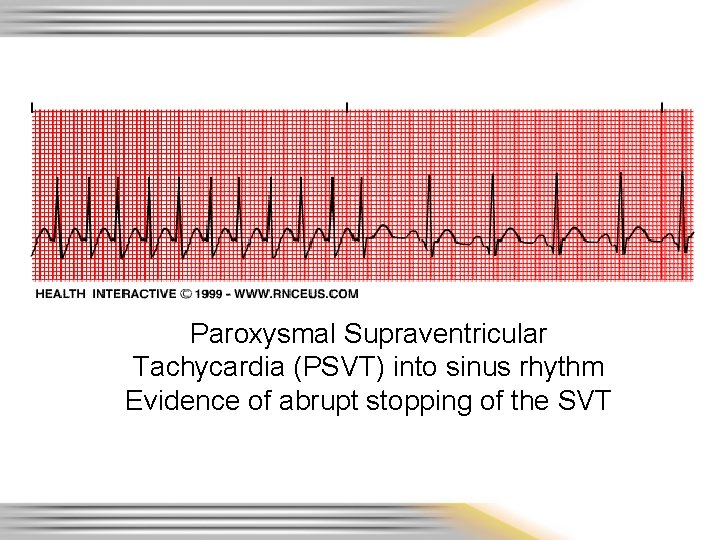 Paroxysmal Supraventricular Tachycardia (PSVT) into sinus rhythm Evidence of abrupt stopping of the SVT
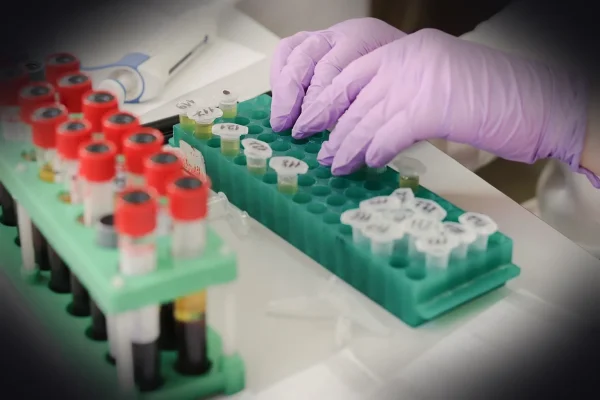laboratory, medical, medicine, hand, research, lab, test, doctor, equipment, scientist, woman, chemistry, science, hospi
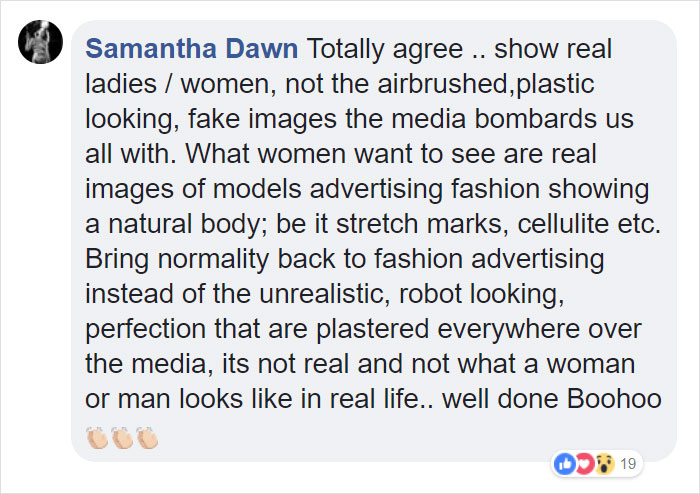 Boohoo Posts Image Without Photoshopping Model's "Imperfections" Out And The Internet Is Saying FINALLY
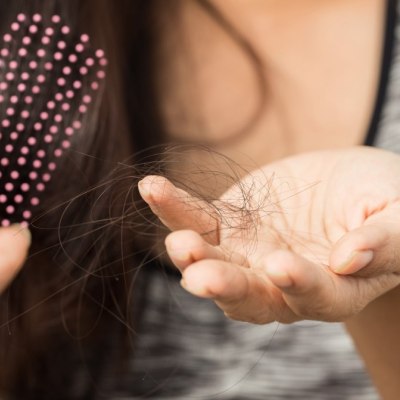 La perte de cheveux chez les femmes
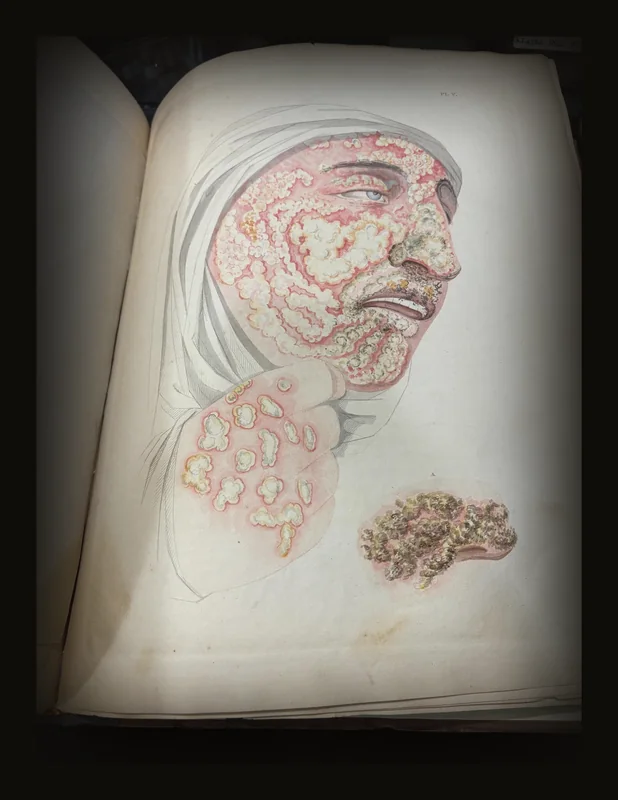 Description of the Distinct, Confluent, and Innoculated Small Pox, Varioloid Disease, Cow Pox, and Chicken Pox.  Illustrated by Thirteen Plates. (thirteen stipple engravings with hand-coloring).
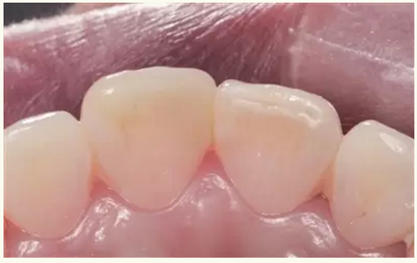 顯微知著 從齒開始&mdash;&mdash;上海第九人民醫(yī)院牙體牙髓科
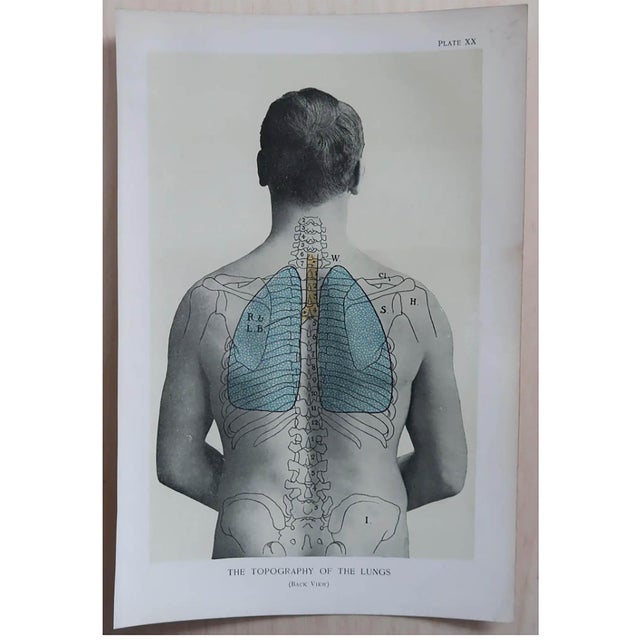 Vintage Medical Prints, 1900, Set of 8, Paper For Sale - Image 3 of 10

» **Instructions for the task**
Every entry above should be printed again exactly, except for the pictures.

» **Final answer**
 Paroxysmal Supraventricular Tachycardia (PSVT) into sinus rhythm Evidence of abrupt stopping of the SVT
laboratory, medical, medicine, hand, research, lab, test, doctor, equipment, scientist, woman, chemistry, science, hospi
 Boohoo Posts Image Without Photoshopping Model's "Imperfections" Out And The Internet Is Saying FINALLY
 La perte de cheveux chez les femmes
 Description of the Distinct, Confluent, and Innoculated Small Pox, Varioloid Disease, Cow Pox, and Chicken Pox.  Illustrated by Thirteen Plates. (thirteen stipple engravings with hand-coloring).
 顯微知著 從齒開始&mdash;&mdash;上海第九人民醫(yī)院牙體牙髓科
 Vintage Medical Prints, 1900, Set of 8, Paper For Sale - Image 3 of 10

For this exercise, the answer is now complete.